You can run this software on linux or windows or mac, recommending use of x86_64 linux platforms.

Dependencies

git version 1.8.3.1 or higher

docker version 17.09.0-ce or higher

docker-compose version 1.16.1 or higher

Get installed

$ git clone https://github.com/yinfuyuan/docker-bigdata.git

Services

You can start all services like this:

#docker-compose up -d

You can start some of the services you need like this:

#docker-compose up -d SERVICE1 SERVICE2

example:

#docker-compose up -d zookeeper1 zookeeper2 zookeeper3 hbase1 hbase2 hbase3

You can also start them using yam files like this:

#docker-compose [-f docker-compose-SERVICE.yml] up -d

example:

#docker-compose -f docker-compose-zookeeper.yml up -d
#docker-compose -f docker-compose-hbase.yml up -d

The command above started the zookeeper and hbase service cluster,you can use a browser to enter the host machine ip and 16010 port to view hbase status.

All images have been built and in the dockerhub, you can directly download to use, but if you use yml file start for the first time and you don't have local image, docker will try to build them not to download, It may waste your time.

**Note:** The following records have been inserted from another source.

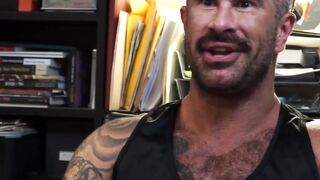 Muscular hunk rimms studs tight hole before fucking him
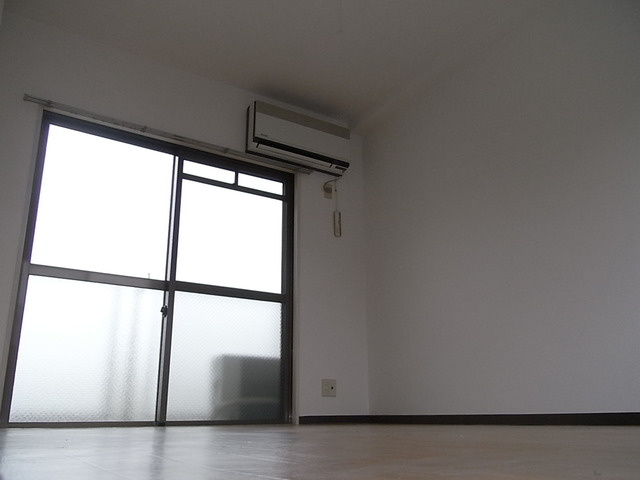 シャルム大石の居間・リビング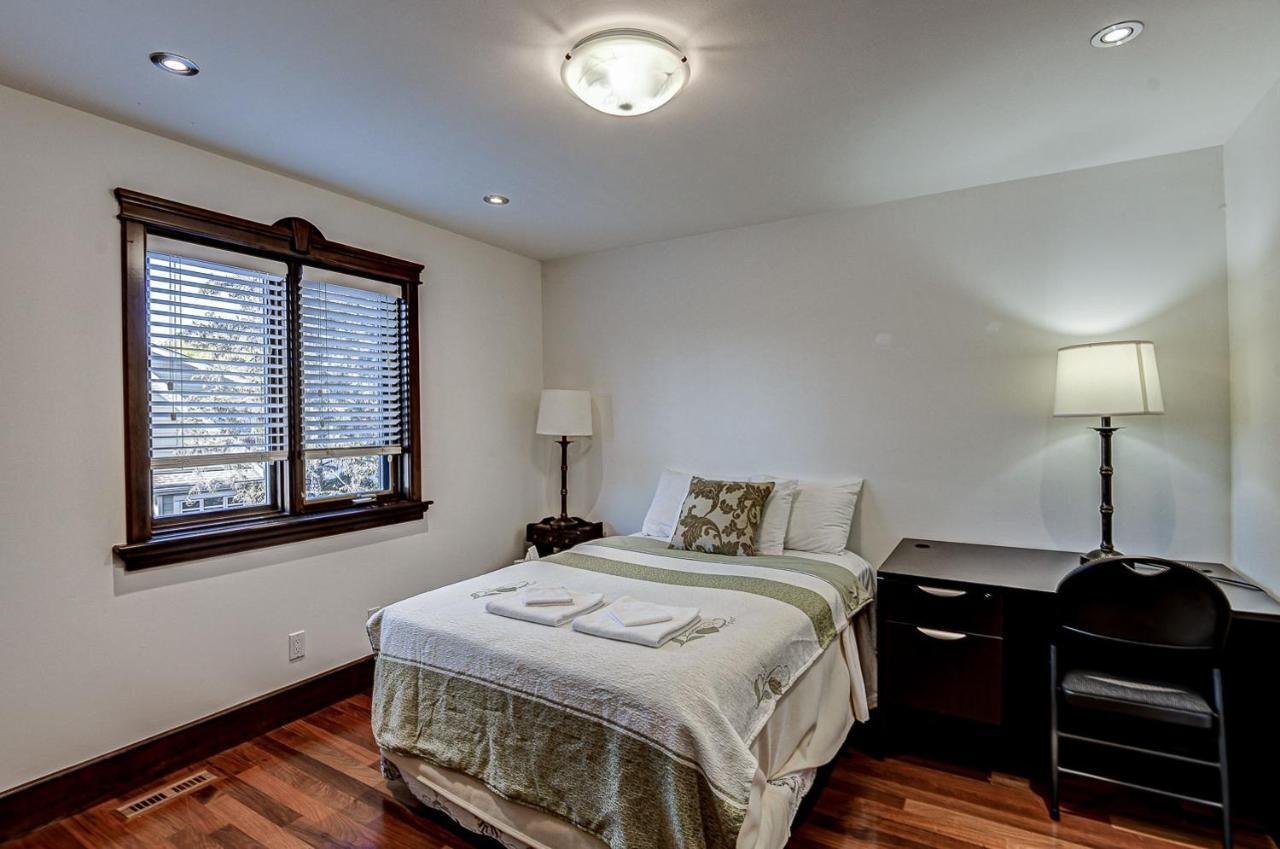 Westmount River Inn YYC Buitenkant foto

If this is not what you want, try starting after manually removing the build option from yml file.

zookeeper

The service from the zookeeper official image
version 3.4.12
image:https://hub.docker.com/_/zookeeper/
Dockerfile:https://github.com/31z4/zookeeper-docker/blob/0e558d7a6df4031a6be7c1df4ba1e2367666d004/3.4.12/Dockerfile

hadoop

The service from the hadoop image, if you use docker-compose-hadoop.yml for the first time,it automatically builds the image.
You can comment out the build option to direct to use image.
version 2.7.6
image:https://hub.docker.com/r/yinfuyuan/hadoop/
Dockerfile:https://github.com/yinfuyuan/docker-bigdata/blob/master/services/hadoop/2.7/Dockerfile

After you up the service you can use the host machine ip:50070 view the
hdfs and use the host machine ip:8088 view yarn

Environment Variables
HADOOP_MASTER
HDFS_MASTER
YARN_MASTER
HISTORY_MASTER
HDFS_FS_DEFAULTFS
HDFS_SLAVES
HDFS_DFS_REPLICATION
HDFS_DFS_NAMENODE_SECONDARY_HTTP_ADDRESS
YARN_RESOURCEMANAGER_HOSTNAME

hbase

The service depends on zookeeper service, Start the zookeeper service before starting.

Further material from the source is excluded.